They stood there, silent, breathing heavily, Geralt’s dizziness getting worse by the second, until Jaskier whirled, and stomped away to walk ahead with Roach. 

Geralt remained standing, breath still catching in his chest. With each passing moment, he was sinking further into the mud of the road, which was absolutely going to ruin Jaskier’s bright and cheery and entirely un-sensible shoes. But he couldn’t bring himself to move, so there he stayed, frozen, hating every awful second that he was stuck there alone. 

 


 

The rest of the walk passed in uneasy silence. Jaskier didn’t speak to him directly, except to mention something moving through the underbrush, but it was only a startled deer, which on seeing them, immediately fled. Along the way, Geralt plucked a likely-looking fallen branch from the ground, and spent his time trimming off twigs and roughly sanding it down. By the time they reached the border of the wetlands, the trees thinning out and the ground soggy under their feet, he had made a passable light staff. 

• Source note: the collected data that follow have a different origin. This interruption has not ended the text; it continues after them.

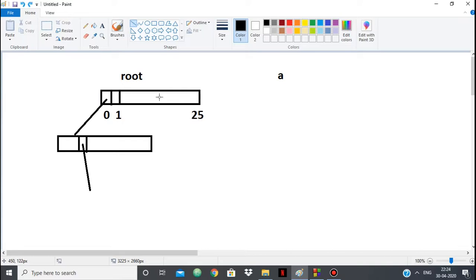And if the pointer points towards null, for example 1 here points towards null, so 'b' is not there. And 'a', 0 points towards something, so 'a' is there. And then after 'a', we go to 'a', so here we are at 'a'. And from 'a', 'b' points towards something, so 'b' is there. But 'a' does not point towards anything, so 'aa' is not there.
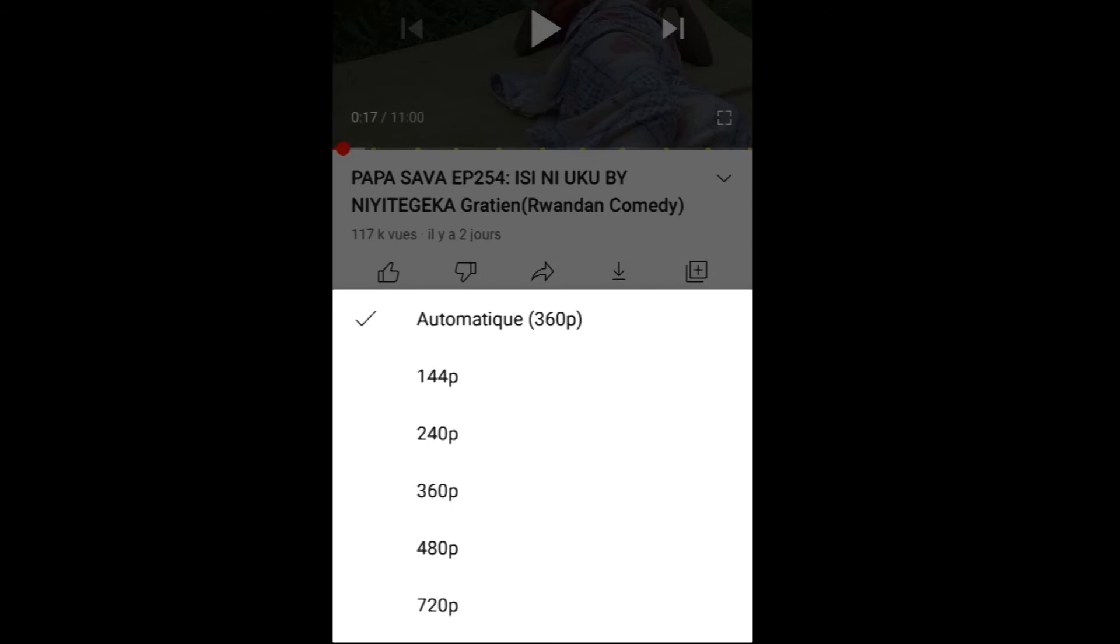If you have a video on YouTube, you can see the video quality options in the settings.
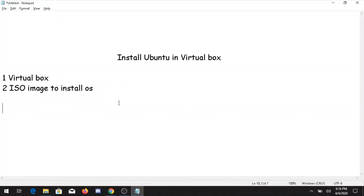My name is Tushar Goyal and I welcome you all on behalf of Regex Software. Today's agenda is to install Ubuntu inside VirtualBox. The two steps are: first you need to have VirtualBox, and secondly you need to have an ISO image. We will go through this step-by-step on how to install Ubuntu inside VirtualBox.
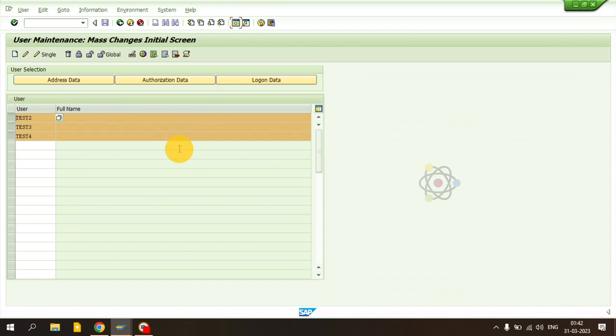So the key limitations of SU10 are: you cannot set a custom password — it generates automatically with no option to define your own. Also, if you have 100 IDs each needing a different role, you cannot assign them all at once using this T-code — it only supports adding a single role to multiple users. For handling the password limitation, I will cover that in the next video.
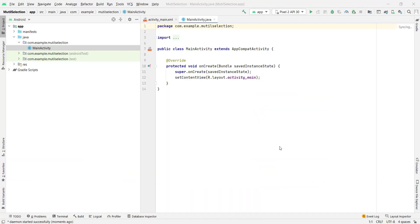I have an empty project and I will initialize a list using RecyclerView. This section is basic, so it will be fast-forwarded.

They went over their careful plan one final time, in short, clipped sentences, as they set up their fighting ground. Geralt built a semicircle of their physical traps, and another of yrden, just in case, and Jaskier found a likely spot, with a single isolated drowner, and laid a trail of their bait back to their ambush. And then they waited. 

There was nothing, for a while, long enough for Geralt’s hands to grow slippery on his staff with sweat and nerves. And then all at once Jaskier picked his head up, and there was one drowner, but following close behind it were another two, and then one of them stepped into a trap, which fired off entirely wrong, and everything was suddenly substantially more complicated than their hopeful, foolish plan.

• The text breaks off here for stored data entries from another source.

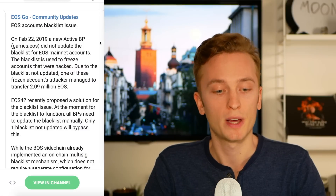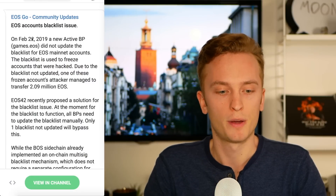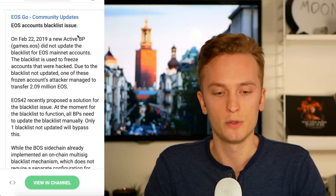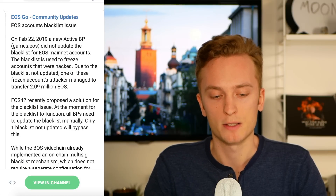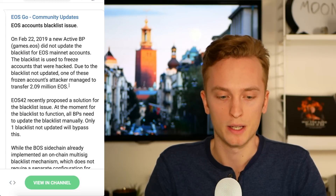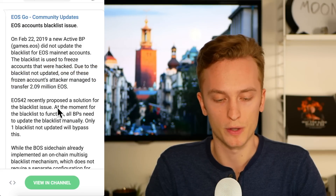It came from a community group on Telegram that said on February 22, 2019, a new active block producer games.eos did not update the blacklist for EOS mainnet accounts. The blacklist is used to freeze accounts that were hacked, and due to the blacklist not being updated, one of these frozen accounts' attacker managed to transfer 2.09 million EOS. There is already a proposed solution for this issue.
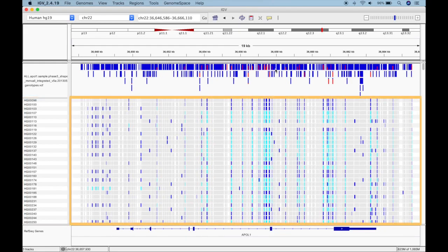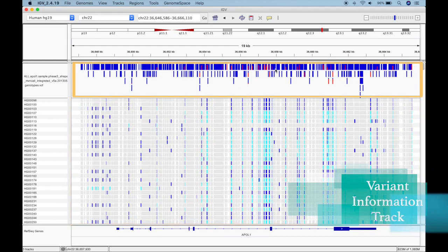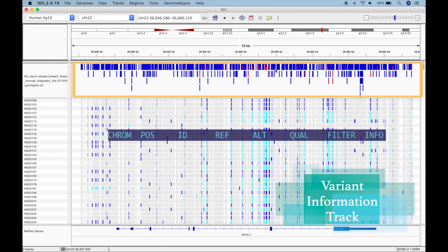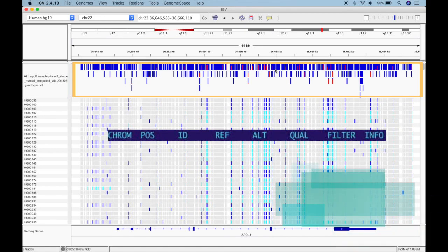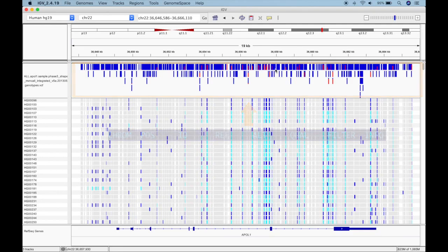In the center is the genotype data for each sample. Above the genotype data is the variant information track. Remember those 8 required columns in a VCF? This track displays the data from those 8 columns for every variant. This means that if you load a VCF without sample data, this track stands alone.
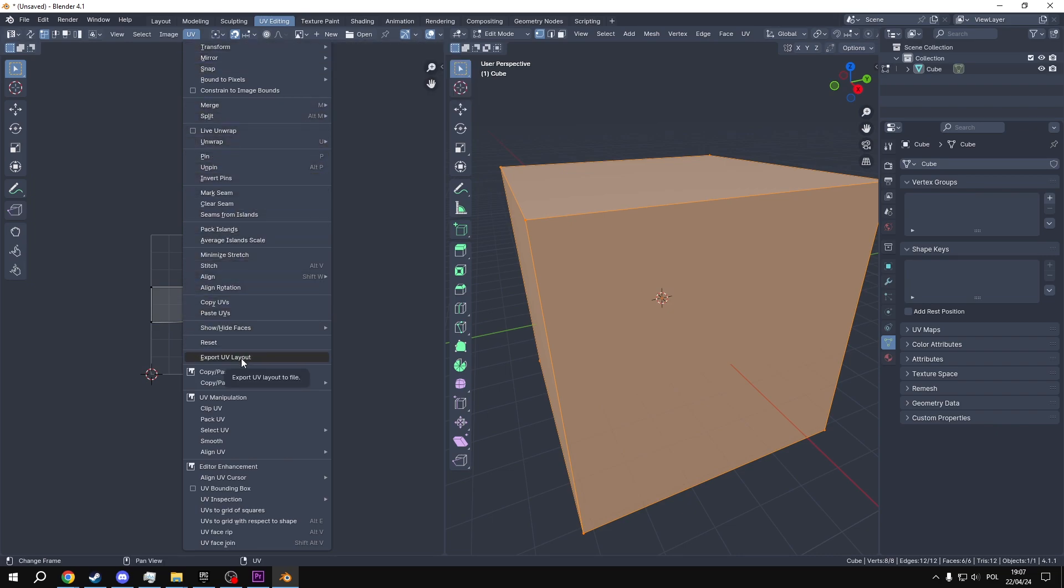Last thing we'll need is our UV layout. Go back to your cube skybox, enter UV editing mode, select all the faces, and then use export UV layout. We'll use it as a template for our skybox. If you use the default UVs, it should look like this.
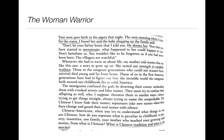This is seen early in the story when the mother tells Kingston: 'Your aunt gave birth in the pigsty that night. The next morning when I went for the water, I found her and the baby plugging up the family well. Don't let your father know that I told you. He denies her now. That you have started to menstruate — what happened to her could happen to you. Don't humiliate us. You wouldn't like to be forgotten as if you had never been born. The villagers are watchful.' So upon entering maturity as a woman, she receives this brutal inheritance of a story she can't share.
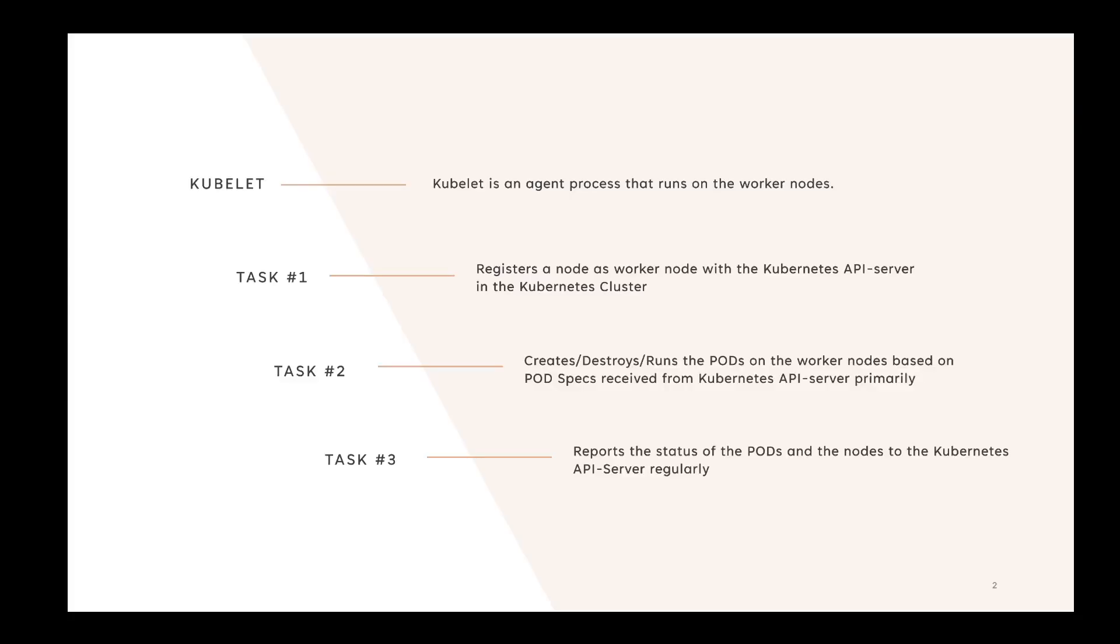Kubelet is an agent process that runs on worker nodes. As you know, there are two sets of nodes in a Kubernetes cluster: one is the master node where the control plane processes are, and the other set are worker nodes. There are three main tasks for Kubelet.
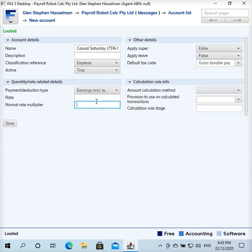Now this is the key: we're putting in 1.75, and really there's not much other point to this whole video than to make sure you get this rate correct. The trap would be if you put the casual's rate of pay on the employee setup as inclusive of the loading and then set this to 1.5 — that would be a mistake.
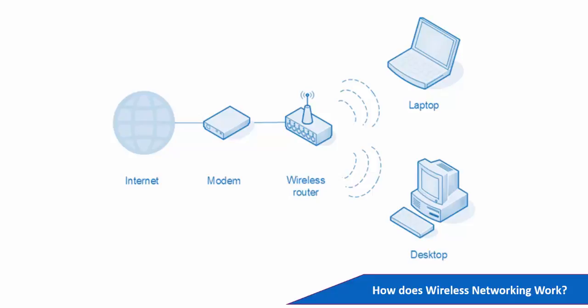So how does this wireless networking work? In order to manage the devices on the network, the router assigns each device a unique internet protocol address. This is otherwise known as the IP address.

The misfired trap sent shrapnel slicing everywhere; the trigger must have been off, and that was probably Geralt’s fault; he wasn’t used to working from the height and weight from which he’d laid it down. His quen caught most of it, and he didn’t even notice that a shard had clipped his collarbone until Jaskier looked away from punching the first, fast-moving drowner in its horrible  teeth to bark “Geralt—!” but it wasn’t bad, so: “I’m fine,” said Geralt, casting another quen and taking a better grip on the staff, “don’t stop.” 

Geralt had to think about the steps of this dance in a way he hadn’t in decades. Meanwhile, Jaskier finally remembered to pull out his silver longsword, and something in his fencer past must have helped, after all, because he was holding one off fairly capably while Geralt tried to cast an aard to throw back the other two. It was challenging, holding the yrden and quen all at once; maybe he hadn’t slept as well as he thought, and he could only blast aard infrequently, instead relying on his staff to knock away the ones that got too close. But he held his shield, and Jaskier turned from the first to dispatch the second, and then the last, and it was done. 

For a minute they stood there, Geralt panting and leaning on his branch, Jaskier staring down at the bloody sword in his hand. “Livers,” said Geralt, finally, still struggling for air, “have to cut them out, before they burst.” 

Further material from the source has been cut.